Dia mengatakan, Indonesia memiliki pengalaman tak enak prihal ketergantungan pada satu negara donor alutsista. Indonesia tercatat pernah berada di posisi sulit saat dijatuhi sanksi embargo militer oleh Amerika Serikat beberapa dekade lalu.
Akibat embargo tersebut, kesiapan tempur Angkatan Udara Indonesia sempat merosot tajam karena kesulitan mendapatkan suku cadang. Menurutnya, pengalaman pahit itulah yang memicu reposisi strategi pertahanan untuk melakukan diversifikasi alutsista.
"Dari pengalaman itu, kemudian kita berpikir bahwa memang betul kita tidak bisa atau tidak boleh bergantung pada satu sumber saja.
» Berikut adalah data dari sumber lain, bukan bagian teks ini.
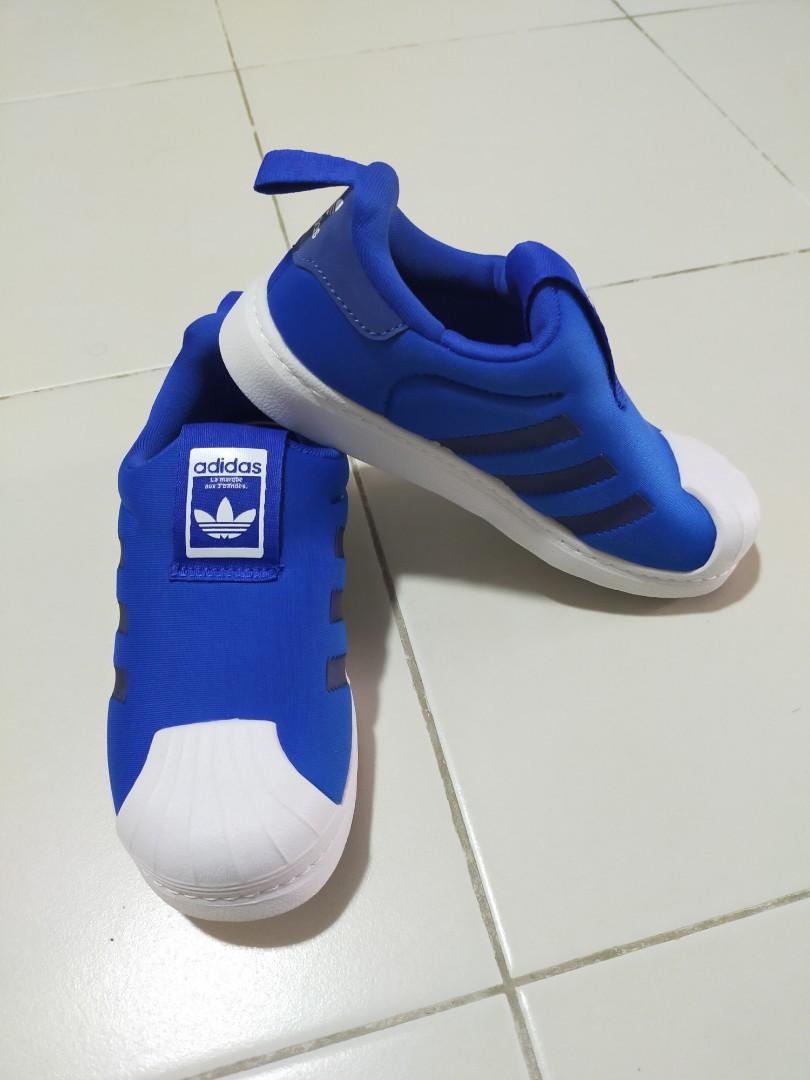 new adidas for kids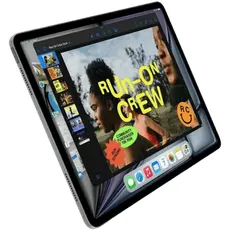 4 - Планшет Apple iPad Air 11 (2024), Wi-Fi + 5G, 8Гб/128Гб, Space Grey
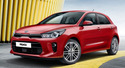 Радиатор за кола за KIA RIO IV (YB) от 2017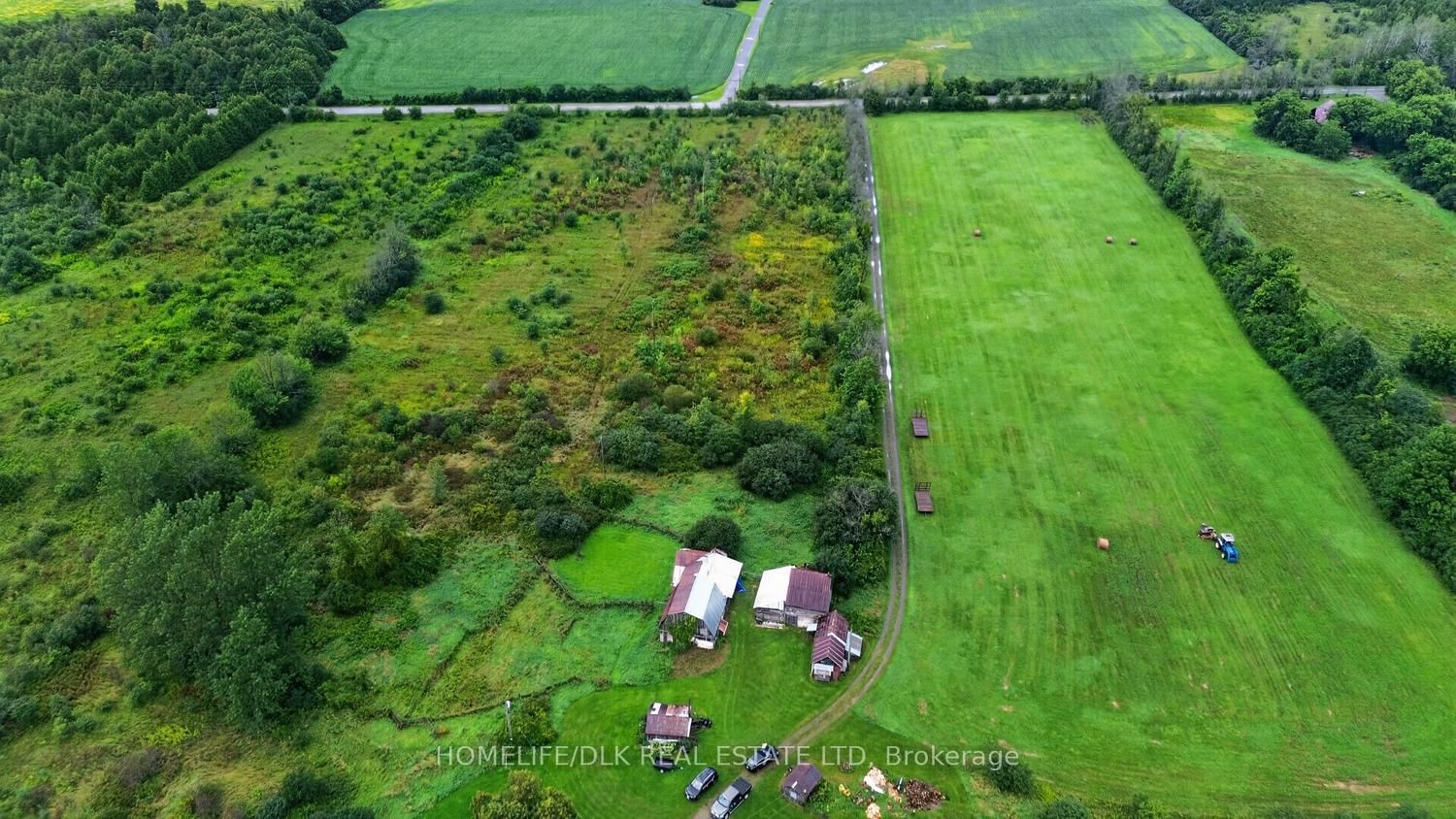 10835 Jellyby Road • Elizabethtown-Kitley, ON photo 30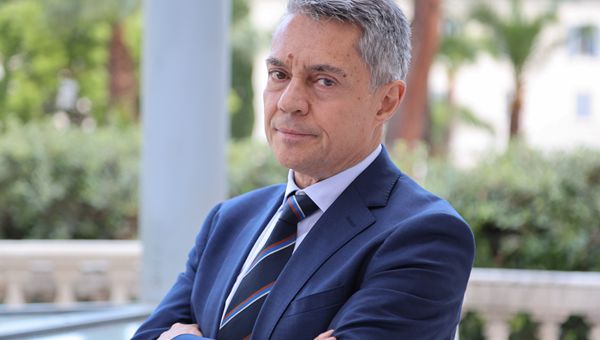 Intesa, Compagnia di San Paolo appoggia OPAS su MPS
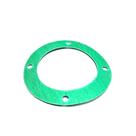 Junta cubo dianteiro vw/cargo ford f-16000 /ford cargo 1618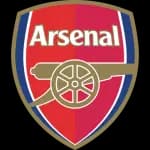 Will Arsenal win on 2025-05-18?
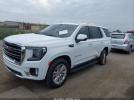 GMC Yukon 4wd Slt Image 6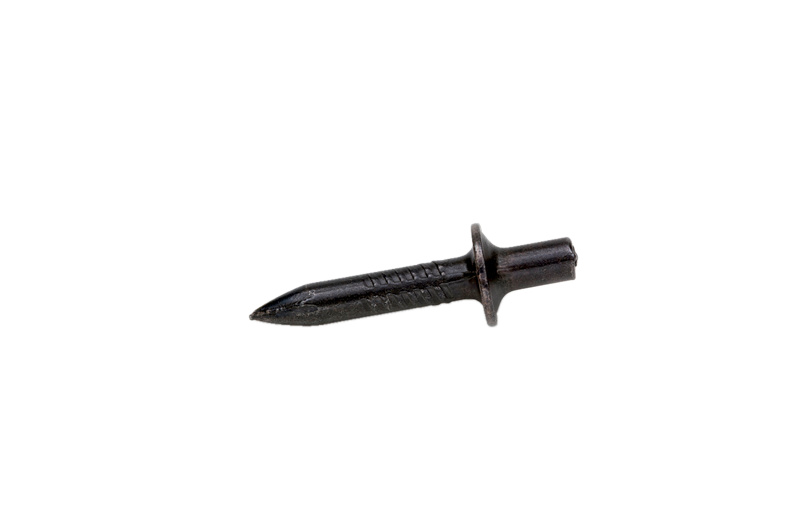 Wurth SVORNJAK-UDARNI-VELIKI OBOD-D10-4X22MM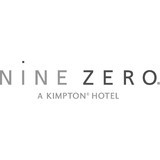 Khp Boston Hotel LLC - Hotels in Boston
Jadi kita harus mendiversifikasikan, mencari sumber lain," kata mantan Kepala Staf Angkatan Udara (KSAU) itu.
Sebelumnya, Presiden Prabowo Subianto resmi menyerahkan sejumlah alat utama sistem persenjataan (alutsista) mutakhir kepada Tentara Nasional Indonesia (TNI) di Base Ops Lanud Halim Perdanakusuma, Jakarta Timur. Penambahan kekuatan matra udara ini meliputi enam unit pesawat tempur MRCA Rafale, enam pesawat Falcon 8X, dua pesawat angkut A400M MRTT, serta sistem persenjataan radar GCI GM403.
Penerimaan ini merupakan bagian dan program modernisasi alutsista nasional yang diinisiasi oleh Prabowo pada saat menjabat sebagai Menteri Pertahanan.
(1).jpeg)
Presiden Prabowo Subianto secara resmi menyerahkan sejumlah alat utama sistem persenjataan (alutsista) mutakhir kepada Tentara Nasional Indonesia (TNI) di Base Ops Lanud Halim Perdanakusuma, Jakarta Timur. Foto: Dok. BPMI Sekretariat Presiden.
Adapun, pesawat tempur Rafale menghadirkan peningkatan signifikan pada kemampuan tempur udara ke udara dan udara ke darat. Terutama dengan dukungan rudal jarak jauh Meteor dan amunisi presisi Hammer, yang memperkuat daya tangkal nasional.
Sementara, Falcon 8X memberikan fleksibilitas dalam mendukung mobilitas strategis, misi komando, serta pengawasan.
Sedangkan, A400M MRTT menjadi elemen kunci dalam meningkatkan kemampuan angkut strategis dan pengisian bahan bakar di udara (air to air refuelling), yang memungkinkan operasi udara jarak jauh dengan jangkauan dan durasi yang lebih tinggi.
Lalu, Radar GCI GM403 merupakan mata dan telinga dalam rangka deteksi dini terhadap ancaman dari udara serta untuk mengarahkan pesawat tempur menuju sasaran yang melanggar kedaulatan negara di udara.
Kepala Negara menegaskan bahwa kedatangan alutsista generasi terbaru ini menjadi momentum penting dalam modernisasi pertahanan udara nasional. Langkah ini diambil bukan untuk memicu ketegangan dengan negara lain, melainkan murni sebagai benteng perlindungan kedaulatan tanah air.
"Saya kira salah satu tonggak penambahan kekuatan kita harus terus tingkatkan kekuatan pertahanan kita, sebagai penangkal, sebagai deterrent. Kita tidak punya kepentingan selain untuk menjaga wilayah kita sendiri," jelas Prabowo dikutip dalam tayangan Breaking News Metro TV, Senin, 18 Mei 2026.